* [Exercise materials]:
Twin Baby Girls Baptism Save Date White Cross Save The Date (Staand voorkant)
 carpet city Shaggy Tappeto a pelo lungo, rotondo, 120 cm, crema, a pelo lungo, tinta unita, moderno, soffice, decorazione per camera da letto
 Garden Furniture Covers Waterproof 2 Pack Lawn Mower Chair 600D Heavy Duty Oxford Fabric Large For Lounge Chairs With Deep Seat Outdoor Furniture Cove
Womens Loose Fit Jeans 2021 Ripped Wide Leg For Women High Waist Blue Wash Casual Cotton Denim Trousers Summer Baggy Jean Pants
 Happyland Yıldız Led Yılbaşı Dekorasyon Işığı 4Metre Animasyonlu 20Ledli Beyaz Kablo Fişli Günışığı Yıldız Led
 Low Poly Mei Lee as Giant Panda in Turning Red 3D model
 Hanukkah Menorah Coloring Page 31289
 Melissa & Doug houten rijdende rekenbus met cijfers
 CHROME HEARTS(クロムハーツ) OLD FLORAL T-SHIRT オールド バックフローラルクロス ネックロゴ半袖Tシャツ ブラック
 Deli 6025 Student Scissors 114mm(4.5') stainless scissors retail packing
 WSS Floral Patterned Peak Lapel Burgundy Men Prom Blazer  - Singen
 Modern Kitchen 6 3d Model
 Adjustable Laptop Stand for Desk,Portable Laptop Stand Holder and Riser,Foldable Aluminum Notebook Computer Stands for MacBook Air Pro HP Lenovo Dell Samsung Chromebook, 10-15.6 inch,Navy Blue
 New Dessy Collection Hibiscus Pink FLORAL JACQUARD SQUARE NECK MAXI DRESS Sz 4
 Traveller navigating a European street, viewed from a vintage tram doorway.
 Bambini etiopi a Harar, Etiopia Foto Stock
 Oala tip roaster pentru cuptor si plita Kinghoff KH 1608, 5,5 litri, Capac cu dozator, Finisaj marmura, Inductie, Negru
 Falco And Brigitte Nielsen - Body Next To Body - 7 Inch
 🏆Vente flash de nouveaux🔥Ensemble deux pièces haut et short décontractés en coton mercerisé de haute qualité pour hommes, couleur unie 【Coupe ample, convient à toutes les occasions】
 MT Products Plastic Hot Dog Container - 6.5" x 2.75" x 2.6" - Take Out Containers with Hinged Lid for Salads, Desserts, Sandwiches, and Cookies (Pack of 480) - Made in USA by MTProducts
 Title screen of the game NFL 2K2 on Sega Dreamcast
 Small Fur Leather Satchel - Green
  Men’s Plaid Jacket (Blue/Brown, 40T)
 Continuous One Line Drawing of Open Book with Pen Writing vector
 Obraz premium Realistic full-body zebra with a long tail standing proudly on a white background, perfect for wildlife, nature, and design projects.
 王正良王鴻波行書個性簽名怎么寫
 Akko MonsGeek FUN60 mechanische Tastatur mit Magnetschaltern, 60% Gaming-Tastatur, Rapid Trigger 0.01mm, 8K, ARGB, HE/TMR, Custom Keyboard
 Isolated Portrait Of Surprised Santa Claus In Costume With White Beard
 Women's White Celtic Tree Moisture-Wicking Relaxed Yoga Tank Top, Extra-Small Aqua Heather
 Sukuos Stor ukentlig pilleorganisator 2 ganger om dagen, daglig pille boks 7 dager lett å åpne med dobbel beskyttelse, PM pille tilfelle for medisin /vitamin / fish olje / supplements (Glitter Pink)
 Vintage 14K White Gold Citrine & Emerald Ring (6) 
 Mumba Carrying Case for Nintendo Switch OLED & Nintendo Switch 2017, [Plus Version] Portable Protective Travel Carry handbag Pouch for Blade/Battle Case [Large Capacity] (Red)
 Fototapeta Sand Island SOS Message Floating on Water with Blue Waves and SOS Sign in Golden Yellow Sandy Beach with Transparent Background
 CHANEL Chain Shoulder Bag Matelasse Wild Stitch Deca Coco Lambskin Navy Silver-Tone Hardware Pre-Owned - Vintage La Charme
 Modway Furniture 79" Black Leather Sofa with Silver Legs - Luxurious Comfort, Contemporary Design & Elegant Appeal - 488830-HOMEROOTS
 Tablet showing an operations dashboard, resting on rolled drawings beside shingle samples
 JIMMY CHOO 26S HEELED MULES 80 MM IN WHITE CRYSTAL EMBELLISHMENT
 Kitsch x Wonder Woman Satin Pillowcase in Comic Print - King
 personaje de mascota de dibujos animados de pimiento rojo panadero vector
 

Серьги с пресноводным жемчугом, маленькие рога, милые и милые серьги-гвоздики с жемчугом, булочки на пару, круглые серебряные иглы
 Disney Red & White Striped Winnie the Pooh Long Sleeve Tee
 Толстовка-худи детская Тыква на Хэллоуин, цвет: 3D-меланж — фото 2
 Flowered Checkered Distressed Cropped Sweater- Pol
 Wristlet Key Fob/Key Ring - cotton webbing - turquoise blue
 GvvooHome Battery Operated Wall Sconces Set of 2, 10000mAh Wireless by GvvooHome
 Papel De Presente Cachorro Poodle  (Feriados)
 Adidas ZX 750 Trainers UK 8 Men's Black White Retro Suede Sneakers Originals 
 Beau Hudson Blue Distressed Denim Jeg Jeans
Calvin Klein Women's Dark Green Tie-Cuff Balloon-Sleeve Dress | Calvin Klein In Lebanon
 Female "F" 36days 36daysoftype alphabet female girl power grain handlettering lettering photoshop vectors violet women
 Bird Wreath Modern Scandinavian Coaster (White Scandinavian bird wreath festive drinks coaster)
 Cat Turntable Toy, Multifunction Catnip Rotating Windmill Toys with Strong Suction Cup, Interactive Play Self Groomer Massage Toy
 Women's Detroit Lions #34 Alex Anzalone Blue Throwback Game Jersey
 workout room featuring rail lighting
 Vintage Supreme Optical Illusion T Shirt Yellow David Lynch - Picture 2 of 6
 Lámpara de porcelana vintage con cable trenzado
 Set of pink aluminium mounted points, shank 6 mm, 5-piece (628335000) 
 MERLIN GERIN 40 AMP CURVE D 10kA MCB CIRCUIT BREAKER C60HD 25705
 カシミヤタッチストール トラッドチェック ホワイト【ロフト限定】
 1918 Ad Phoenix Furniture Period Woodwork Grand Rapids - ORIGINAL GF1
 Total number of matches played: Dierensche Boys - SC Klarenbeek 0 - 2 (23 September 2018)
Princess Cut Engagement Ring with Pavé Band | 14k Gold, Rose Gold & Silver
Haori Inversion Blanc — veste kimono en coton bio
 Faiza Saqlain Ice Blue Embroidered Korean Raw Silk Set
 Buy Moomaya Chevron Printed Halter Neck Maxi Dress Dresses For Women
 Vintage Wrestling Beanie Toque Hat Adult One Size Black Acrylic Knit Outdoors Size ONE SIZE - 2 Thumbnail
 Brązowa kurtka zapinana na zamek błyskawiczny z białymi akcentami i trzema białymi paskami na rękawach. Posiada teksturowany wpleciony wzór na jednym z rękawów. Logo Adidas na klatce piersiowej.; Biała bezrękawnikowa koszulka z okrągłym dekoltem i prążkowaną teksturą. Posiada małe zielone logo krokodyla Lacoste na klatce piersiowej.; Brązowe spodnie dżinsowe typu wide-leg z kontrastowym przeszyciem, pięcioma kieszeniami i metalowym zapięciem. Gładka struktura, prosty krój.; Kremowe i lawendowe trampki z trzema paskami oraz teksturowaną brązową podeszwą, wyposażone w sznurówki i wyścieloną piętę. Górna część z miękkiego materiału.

* [Problem to work on]:
If a line in the listing contains the string "Black", copy it.

* [Worked solution]:
 Modway Furniture 79" Black Leather Sofa with Silver Legs - Luxurious Comfort, Contemporary Design & Elegant Appeal - 488830-HOMEROOTS
 Adidas ZX 750 Trainers UK 8 Men's Black White Retro Suede Sneakers Originals 
 Vintage Wrestling Beanie Toque Hat Adult One Size Black Acrylic Knit Outdoors Size ONE SIZE - 2 Thumbnail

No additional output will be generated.